Exercise
Give again, word for word, each line of the data from the first through the one containing "Now let's break". Pictures stay out.

Recorded information

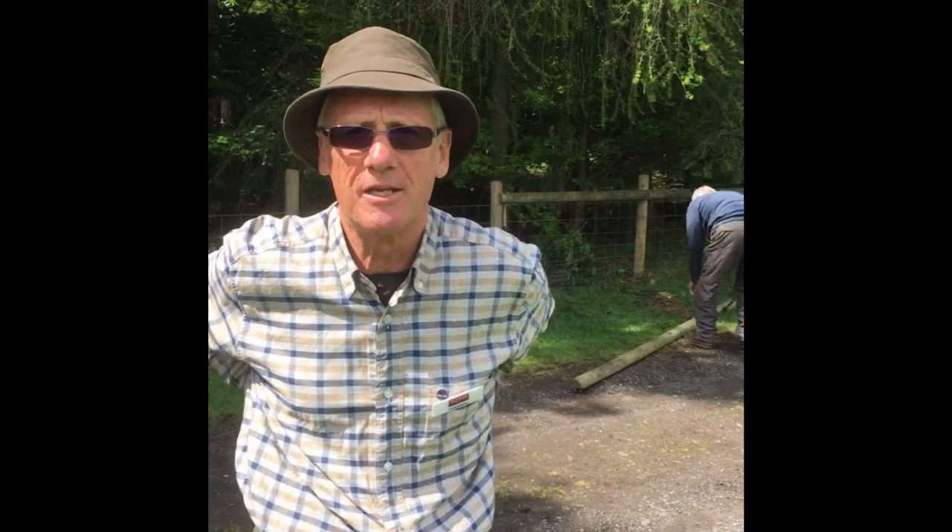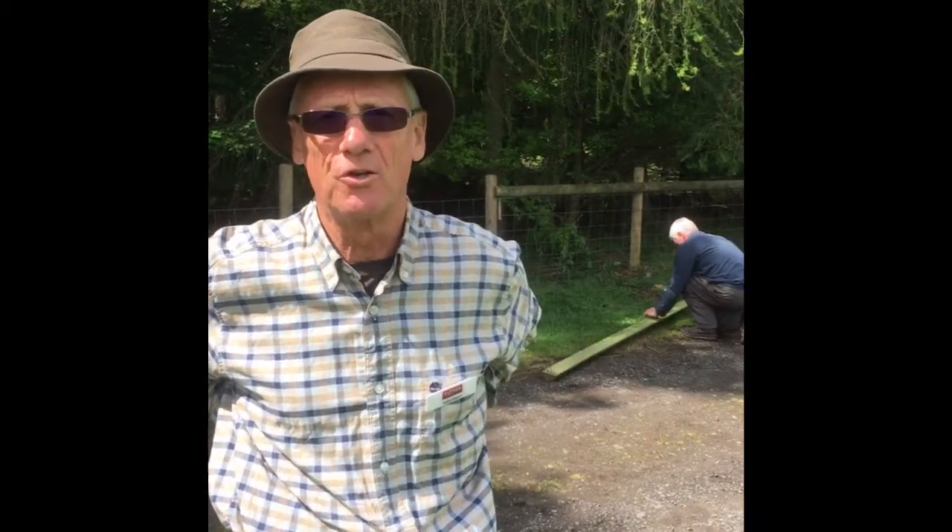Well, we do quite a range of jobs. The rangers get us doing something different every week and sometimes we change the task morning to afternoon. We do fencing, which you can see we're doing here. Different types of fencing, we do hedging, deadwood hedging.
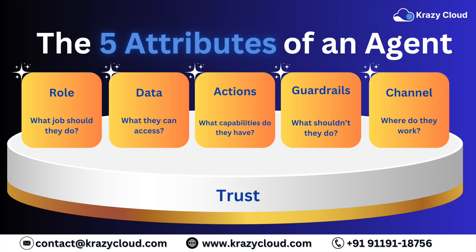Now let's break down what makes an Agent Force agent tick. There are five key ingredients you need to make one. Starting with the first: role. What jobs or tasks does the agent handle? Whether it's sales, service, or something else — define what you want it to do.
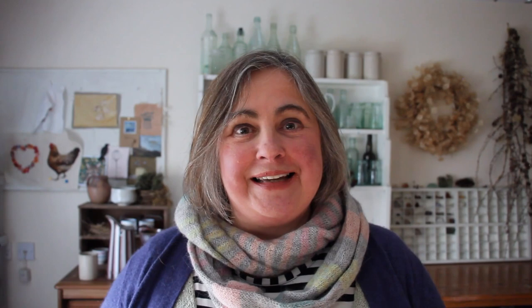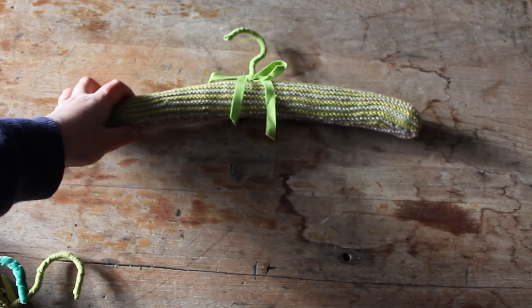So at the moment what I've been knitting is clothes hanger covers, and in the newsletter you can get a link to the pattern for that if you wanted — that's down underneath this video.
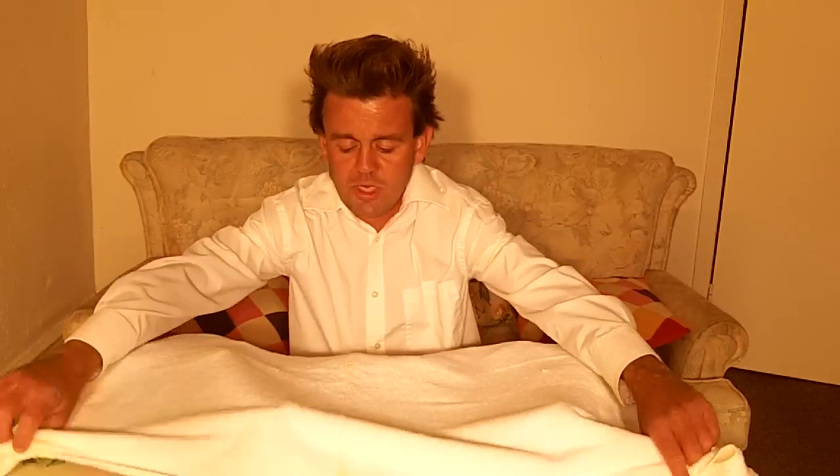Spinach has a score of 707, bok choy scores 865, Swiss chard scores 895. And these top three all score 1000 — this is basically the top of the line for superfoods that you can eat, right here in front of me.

Response to the task
Well, we do quite a range of jobs. The rangers get us doing something different every week and sometimes we change the task morning to afternoon. We do fencing, which you can see we're doing here. Different types of fencing, we do hedging, deadwood hedging.
Now let's break down what makes an Agent Force agent tick. There are five key ingredients you need to make one. Starting with the first: role. What jobs or tasks does the agent handle? Whether it's sales, service, or something else — define what you want it to do.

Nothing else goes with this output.